Nem o facto de buscas à residência oficial do primeiro-ministro visando o seu chefe de Gabinete, Vítor Escária, ou a inclusão no processo do seu “melhor amigo”, Diogo Lacerda Machado, eventualmente teriam levado António Costa a apresentar a demissão. Terá sido mesmo a surpresa da nota de Imprensa que o levou a tomar a decisão de se demitir.

A História terá assim, um dia, de registar o testemunho dos assessores de Imprensa da PGR – Sandra Duarte e José António Barbosa –, já que são eles, aparentemente, os elementos úteis para o sucesso do plano que levou ao derrube do chefe de Governo a 7 de Novembro de 2023.  Sem a inclusão daquele último parágrafo, quem sabe se ainda não haveria governo de António Costa. 

Facto 2: O passeio do Presidente

Era já noite alta do dia 7 de Novembro quando o Presidente da República, Marcelo Rebelo de Sousa, resolveu sair a pé da residência oficial de Belém. O motivo era um passeio nocturno, mas com cariz mediático, pois o presidente sabia que havia jornalistas com câmaras na mão preparados para uma transmissão em directo para o País ver. Marcelo andou às voltas com as televisões a transmitir ao vivo, dizendo que não poderia pronunciar-se sobre o que iria fazer. Mas o passeio tinha um objectivo: ir até ao monumento à morte dos Távoras, no Beco do Chão Salgado, ao lado do Palácio de Belém.
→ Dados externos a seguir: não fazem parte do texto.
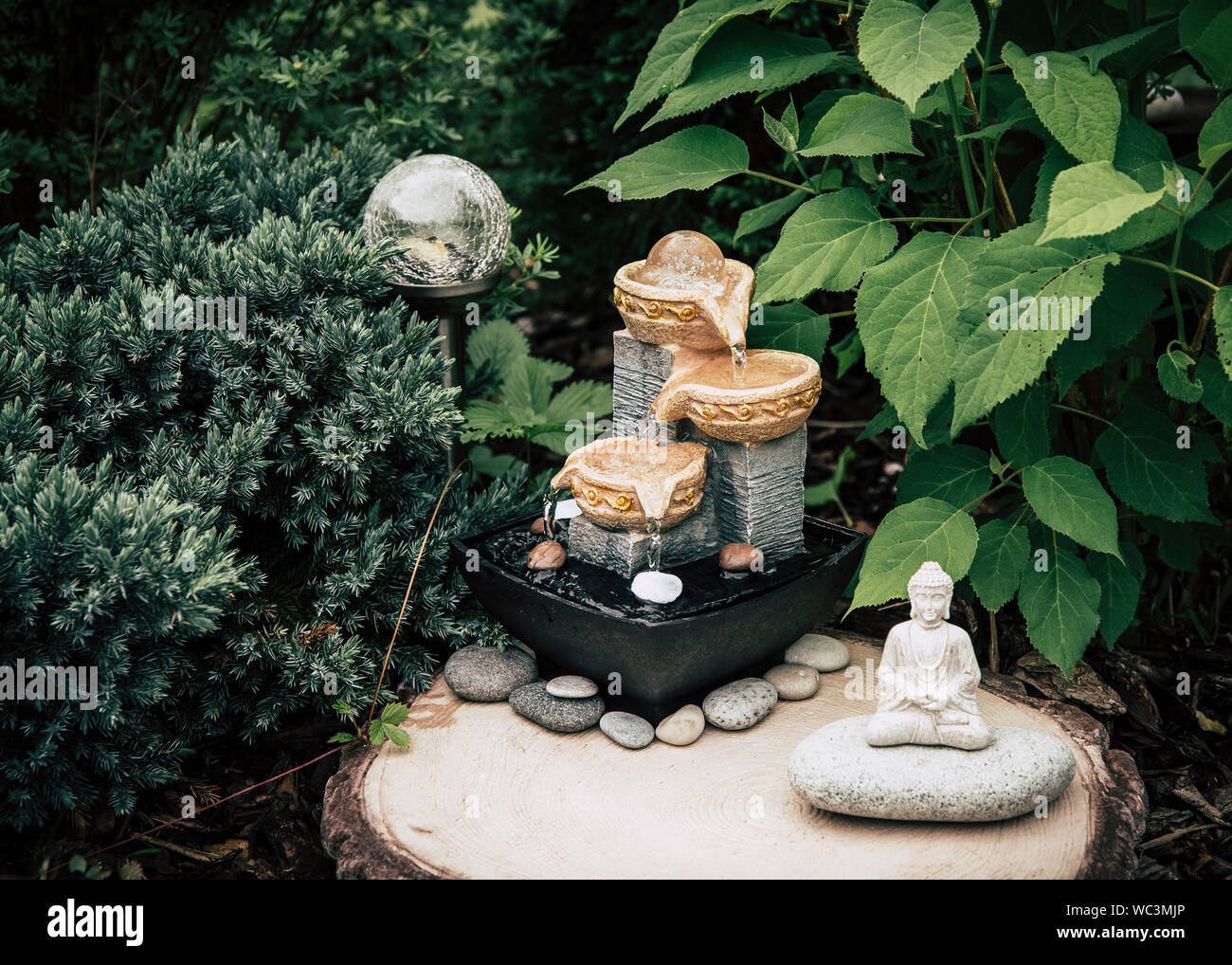 Small home garden private fountain with meditating Buddha statue between trees and bushes. Private zen garden concept. Stock Photo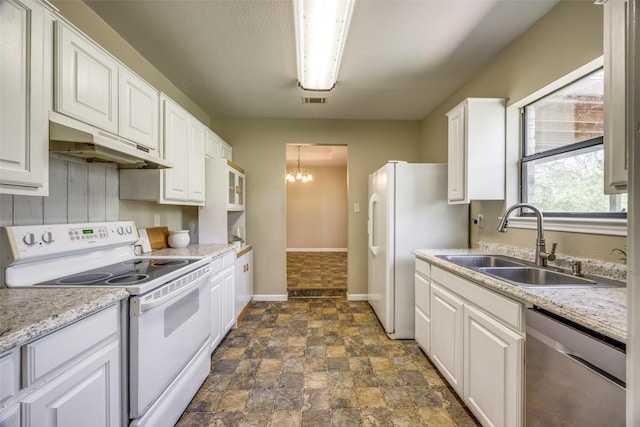 kitchen with a sink, under cabinet range hood, white appliances, white cabinetry, and stone finish floor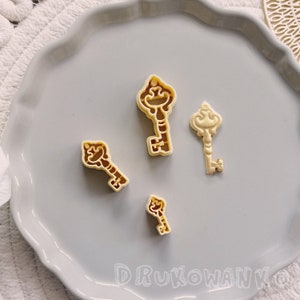 以下が含まれることがあります： 薄い灰色の皿の上に、プラスチック製の鍵の形をしたクッキーカッターが4つあります。カッターはさまざまなサイズで、ヴィンテージスタイルです。
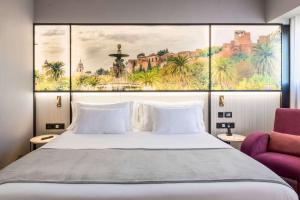 a bedroom with a large bed and a purple chair at Barceló Malaga in Málaga
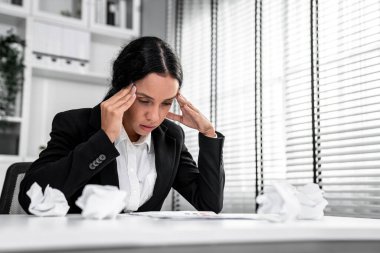 A competent female employee who has become completely exhausted as a result of overburdened work. Concept of unhealthy life as an office worker, office syndrome, effect from overwork.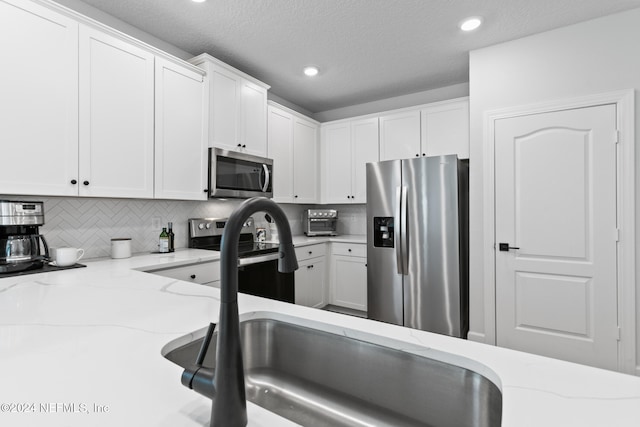 kitchen featuring decorative backsplash, appliances with stainless steel finishes, light stone counters, a textured ceiling, and white cabinets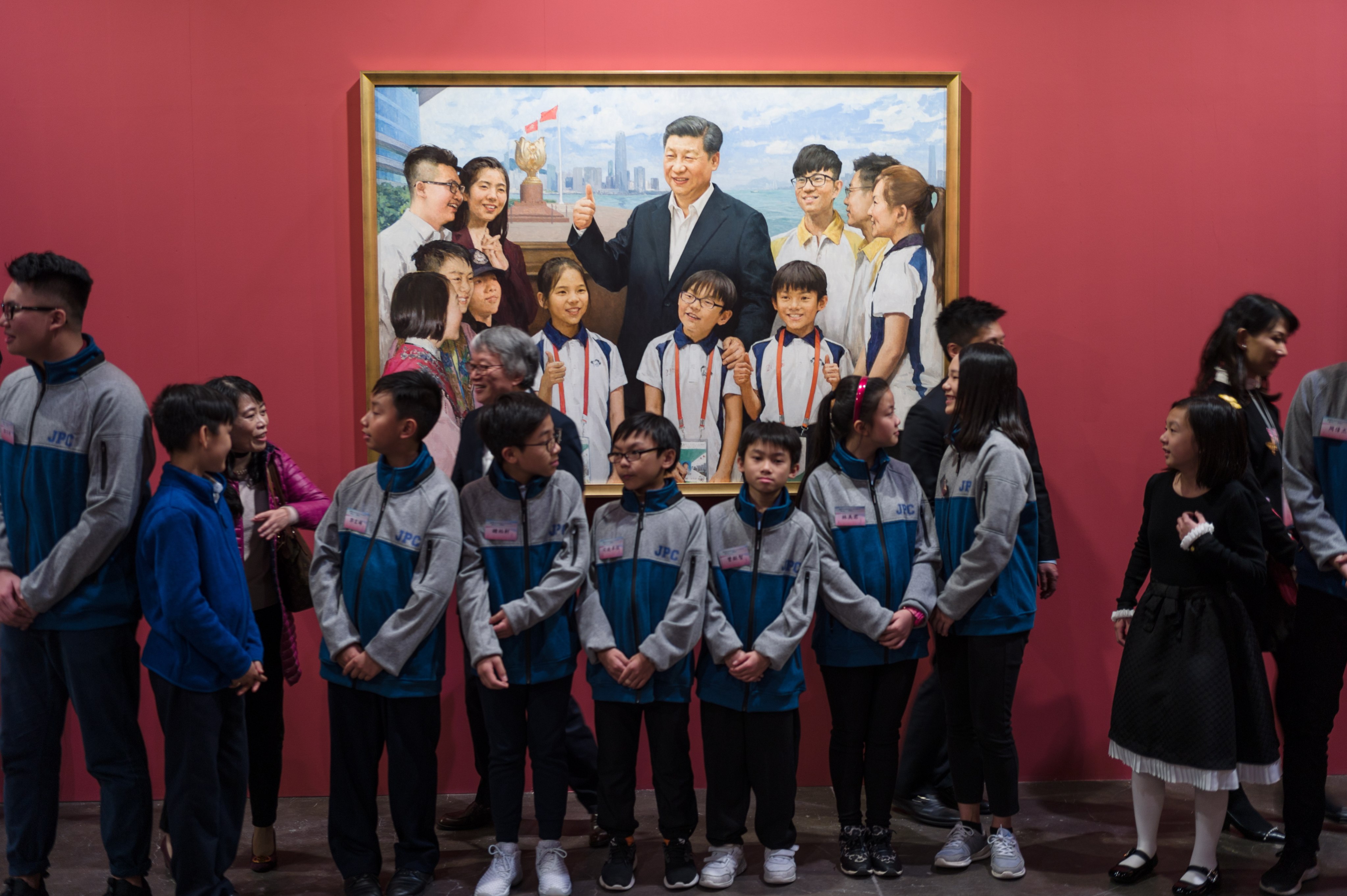 Children portrayed in a painting with Chinese President Xi Jinping stand next to the painting during the opening of the “HK Tugs at My Heartstrings” exhibition to mark 40 years of China’s reform and opening up policy on December 19, 2018. Photo: EPA-EFE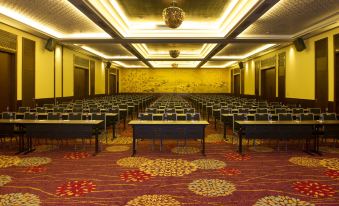 a large conference room with rows of tables and chairs , a yellow ceiling , and a red carpet at Salinda Resort Phu Quoc - Sparkling Wine Breakfast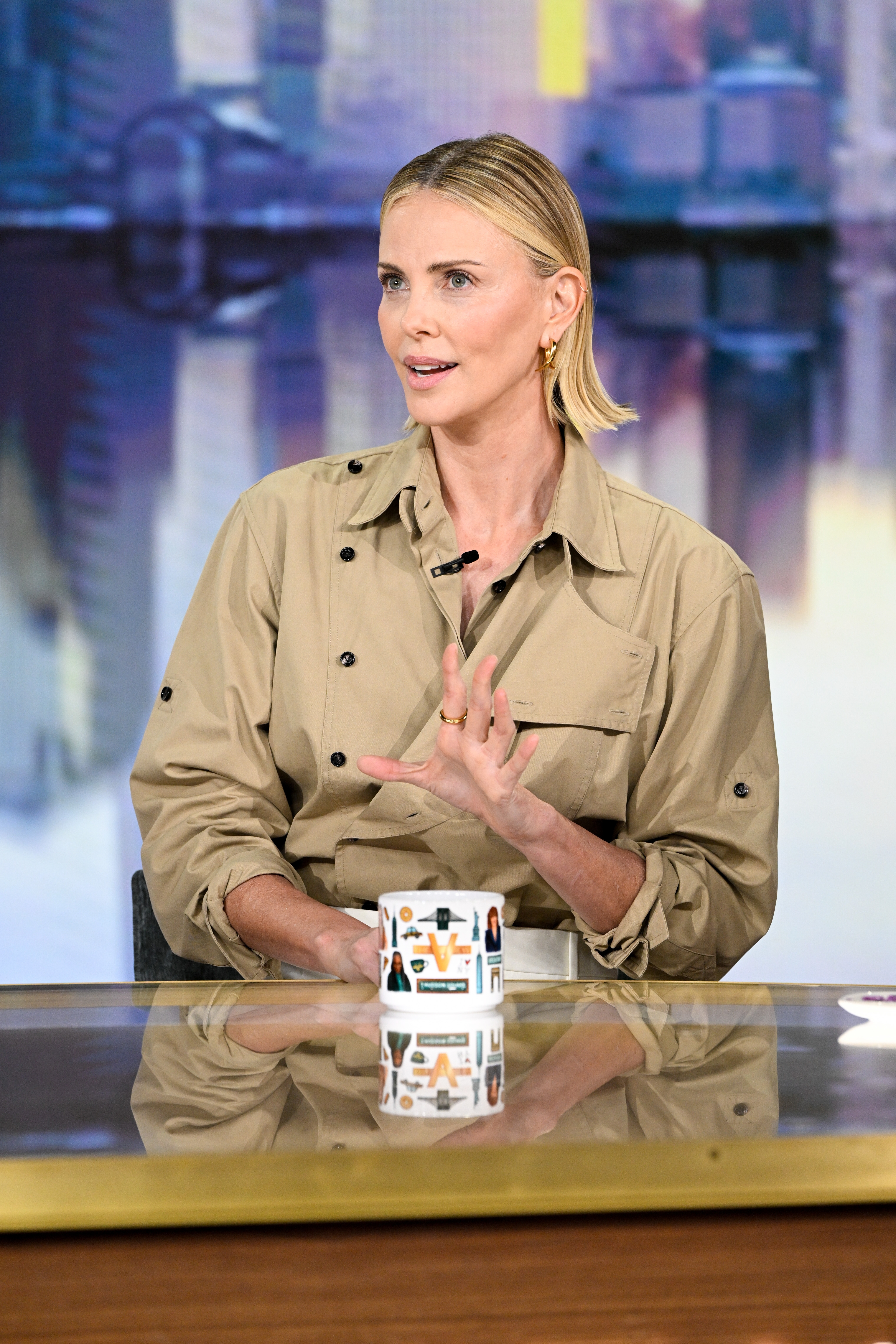 Person sitting at a table on a talk show, wearing a tan button-up shirt, speaking while gesturing with their hand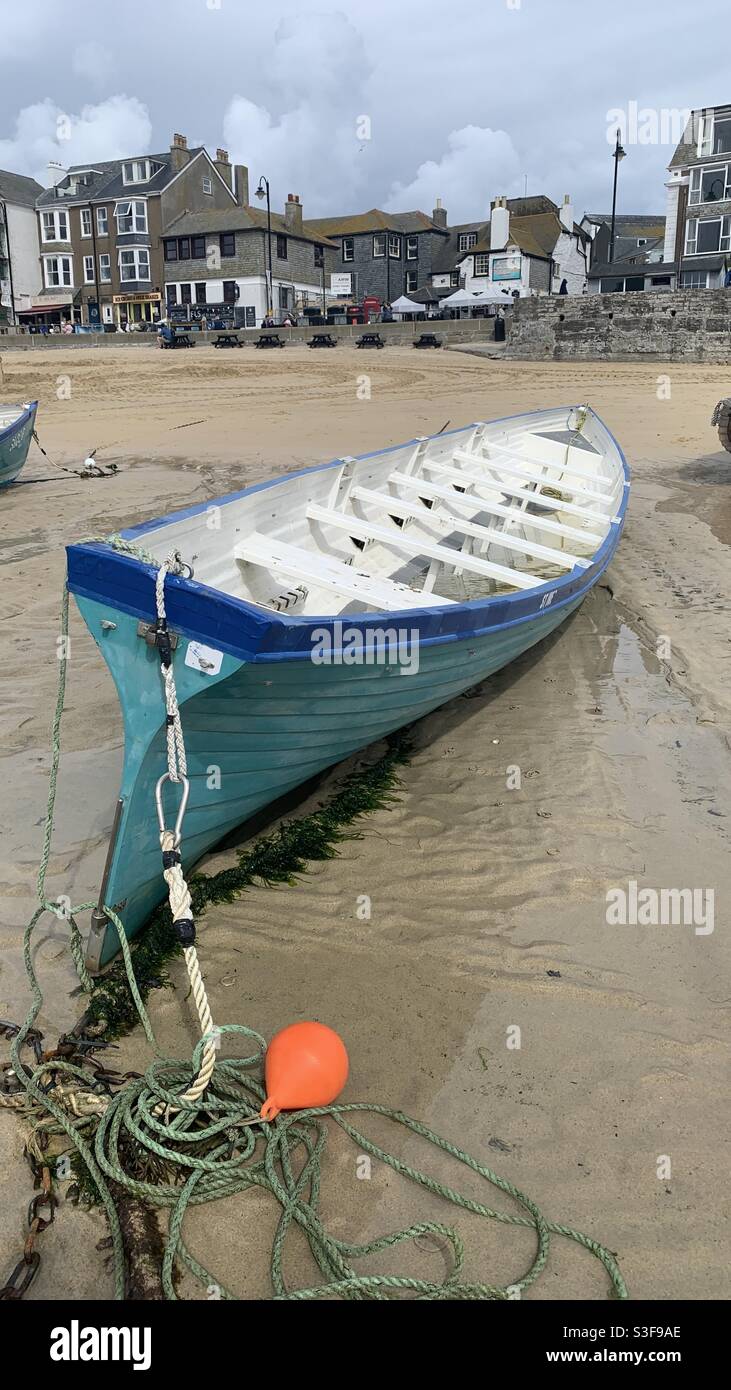 Real boat at low tide on St Ives Harbour Stock Photo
O presidente fez assim um passeio pedagógico e com um significado oculto, pois evocou a tentativa de assassinato do rei D. José, a 3 de Setembro de 1758, e o posterior julgamento e condenação da família Távora por aquilo que, na altura, se disse ser um “crime de lesa-majestade, rebelião e alta traição, contra a preciosa vida do senhor rei D. José I de saudosa memória”. 

Marcelo anunciou ao povo que aqueles que conspiram contra o rei acabam por ter o destino dos Távoras. Agora, o Presidente da República foi superiormente e antecipadamente informado pelo Supremo Tribunal da operação secreta que iria levar as buscas na residência do primeiro-ministro? Soube ainda que iria haver a inclusão de uma referência ao primeiro-ministro no último parágrafo do comunicado da PGR? 

Talvez daqui a 100 anos – ou nem tanto – se perceba o que aconteceu no golpe de Estado do passado dia 7 de Novembro. O tempo se encarregará de nos dar mais respostas, caso as perguntas não sejam esquecidas.